▸ Exercise instructions: The data below contains pictures, which are to be skipped; the lines starting at the line with "Alyssum Dwarf Purple" and ending at the line with "Ορχιδέα Phalaenopsis Authentic" are to be output exactly, both ends included.

▸ Source data:

== == ==

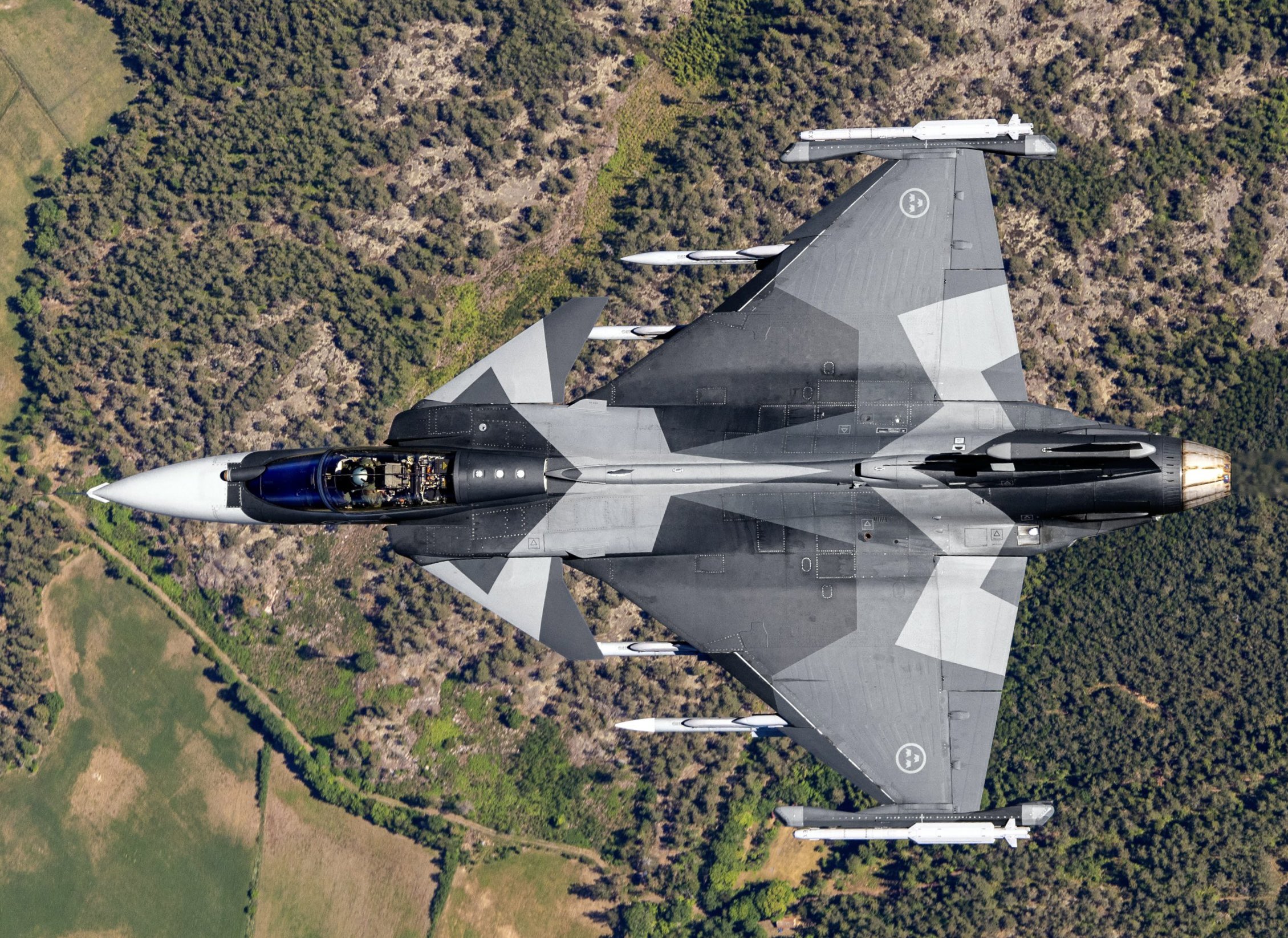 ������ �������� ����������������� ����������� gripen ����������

== == ==

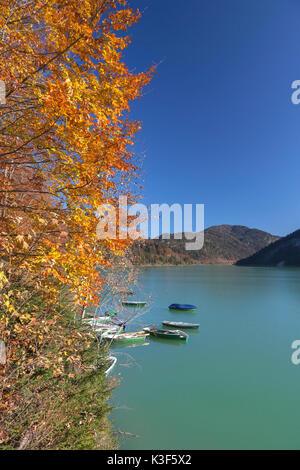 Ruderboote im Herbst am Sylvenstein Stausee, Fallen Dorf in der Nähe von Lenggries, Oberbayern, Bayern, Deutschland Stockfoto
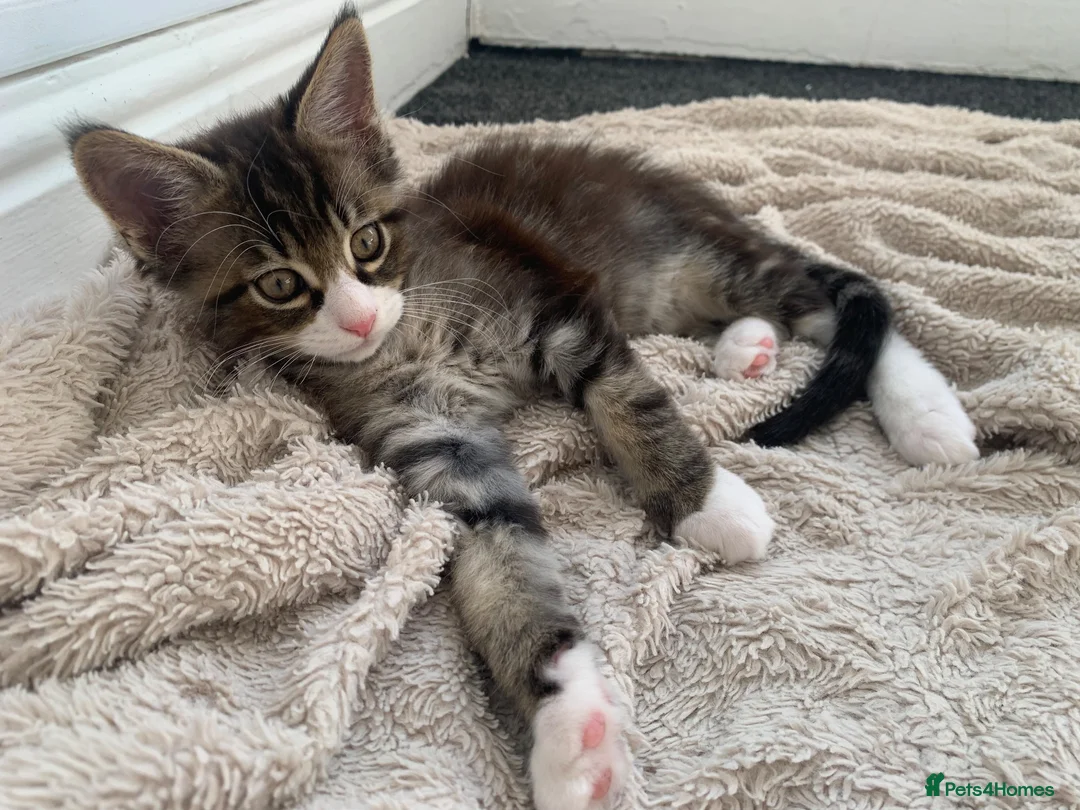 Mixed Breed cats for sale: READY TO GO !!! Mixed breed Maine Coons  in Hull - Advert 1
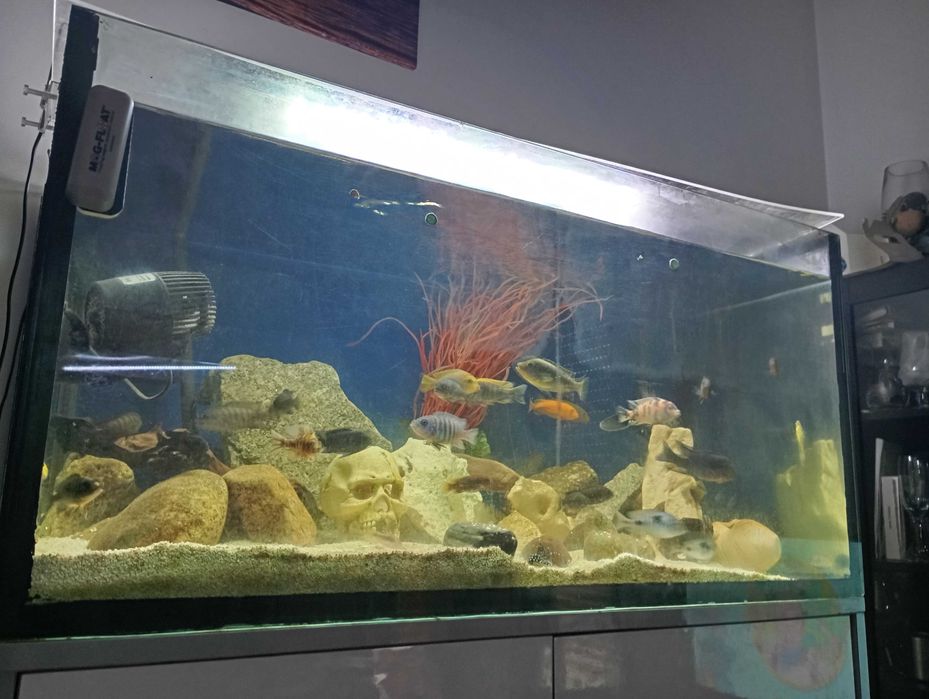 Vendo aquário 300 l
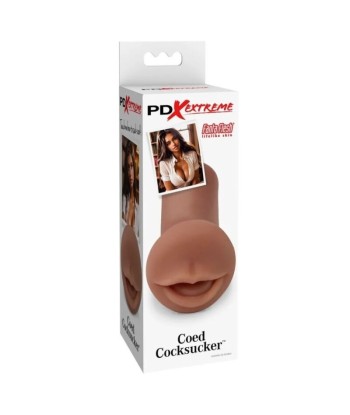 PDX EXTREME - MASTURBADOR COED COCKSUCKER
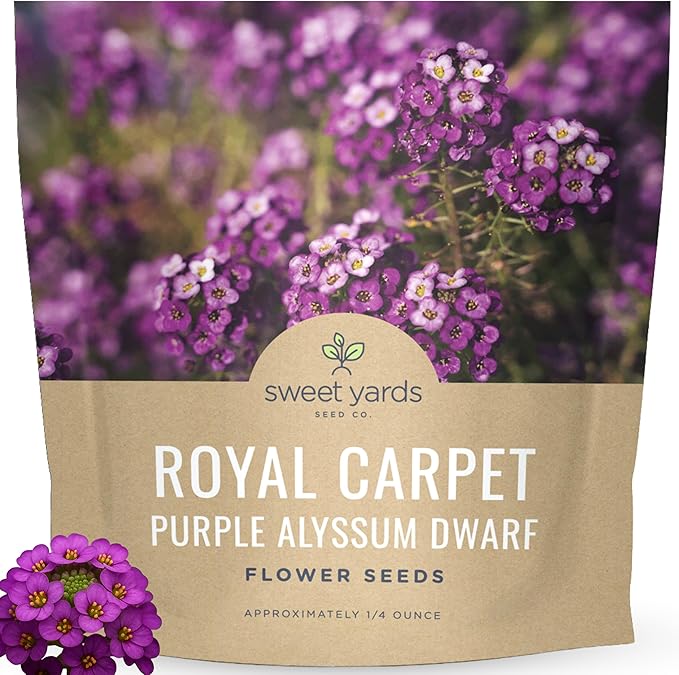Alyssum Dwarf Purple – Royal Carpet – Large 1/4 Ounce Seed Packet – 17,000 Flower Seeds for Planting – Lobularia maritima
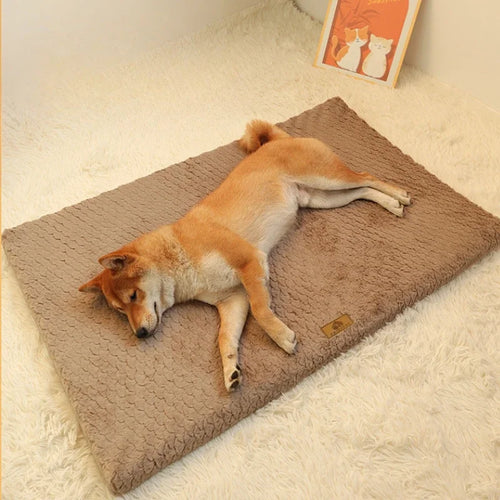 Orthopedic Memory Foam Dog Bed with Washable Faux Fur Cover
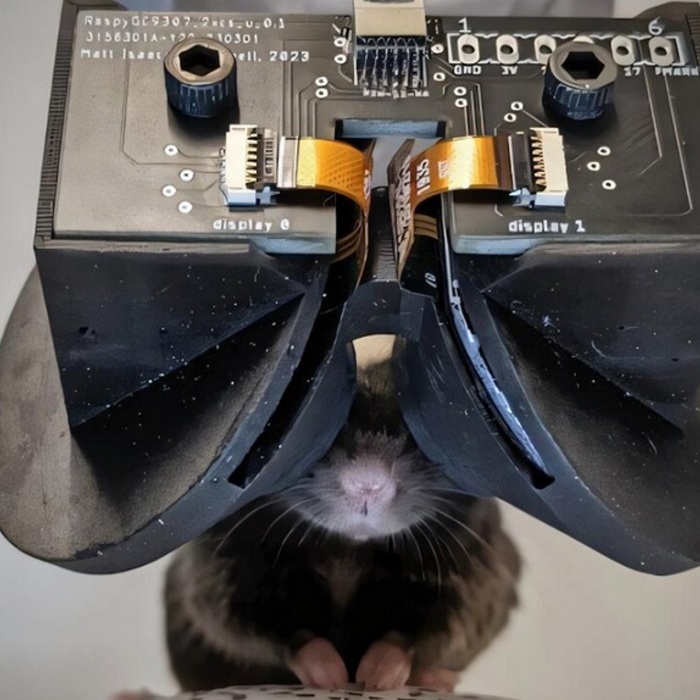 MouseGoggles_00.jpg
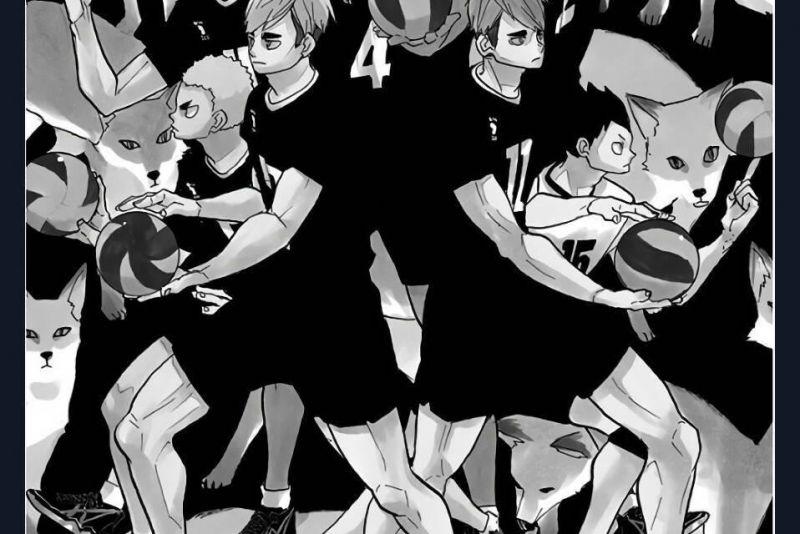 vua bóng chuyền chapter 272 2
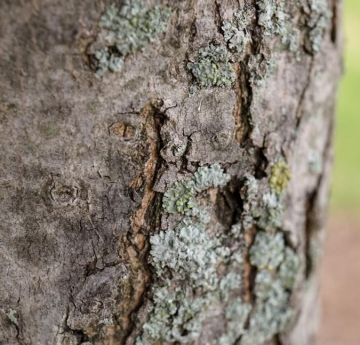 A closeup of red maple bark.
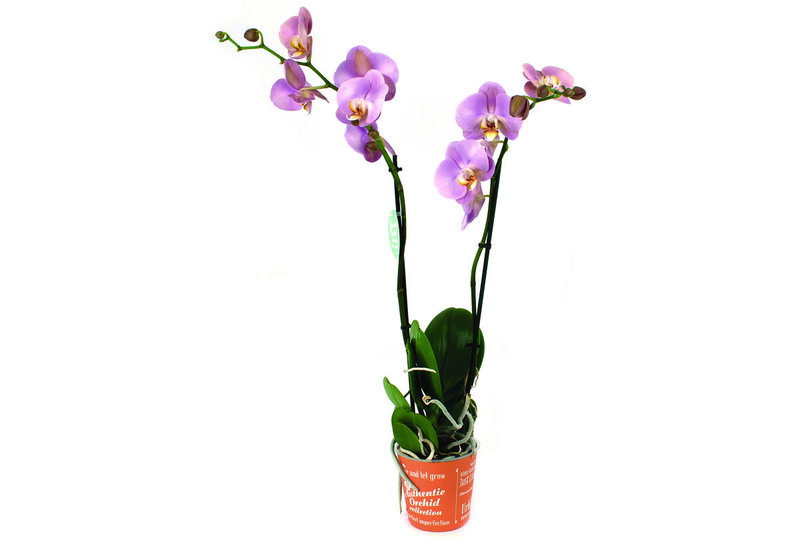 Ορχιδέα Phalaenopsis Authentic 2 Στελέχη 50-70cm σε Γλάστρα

== == ==

▸ Output of the task:
Alyssum Dwarf Purple – Royal Carpet – Large 1/4 Ounce Seed Packet – 17,000 Flower Seeds for Planting – Lobularia maritima
 Orthopedic Memory Foam Dog Bed with Washable Faux Fur Cover
 MouseGoggles_00.jpg
 vua bóng chuyền chapter 272 2
 A closeup of red maple bark.
 Ορχιδέα Phalaenopsis Authentic 2 Στελέχη 50-70cm σε Γλάστρα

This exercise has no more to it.